» **WHAT YOU SHOULD DO**
Give back the whole listing exactly as written, leaving out each picture.

» **SUPPLIED MATERIAL**
━━━

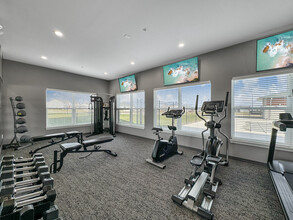 Stratford Pointe in Waukee, IA - Building Photo - Building Photo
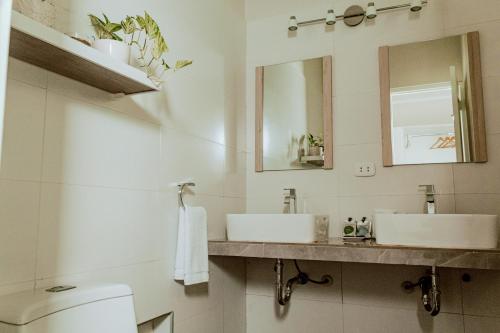 a bathroom with two sinks and a mirror at Casa Vista verde in Tarapoto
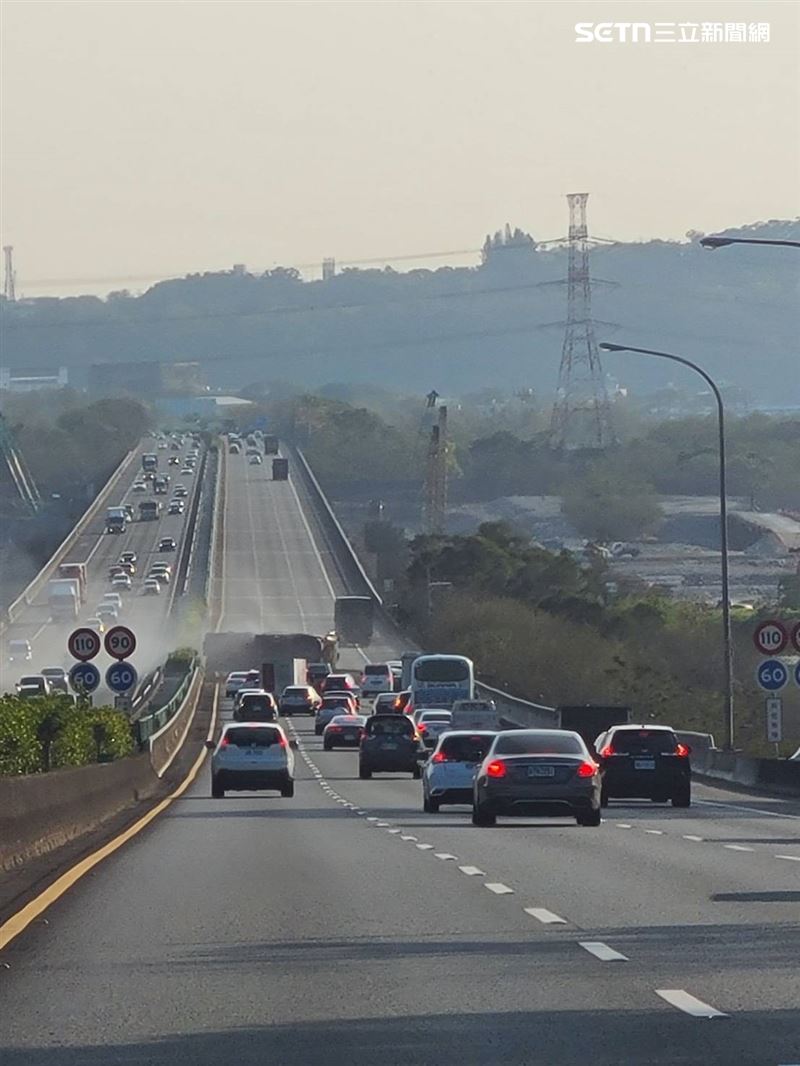 國1南下154.8公里發生大貨車翻車事故，事故車輛占據3車道，造成嚴重車流回堵。（圖／翻攝畫面）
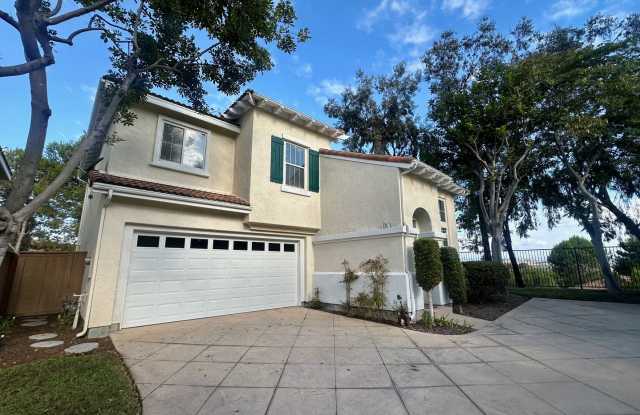 3 Bedroom(plus loft), 2.5 Bath Home with Stunning Views and Modern Upgrades photos photos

━━━

» **ANSWER AREA**
 Stratford Pointe in Waukee, IA - Building Photo - Building Photo
 a bathroom with two sinks and a mirror at Casa Vista verde in Tarapoto
 國1南下154.8公里發生大貨車翻車事故，事故車輛占據3車道，造成嚴重車流回堵。（圖／翻攝畫面）
 3 Bedroom(plus loft), 2.5 Bath Home with Stunning Views and Modern Upgrades photos photos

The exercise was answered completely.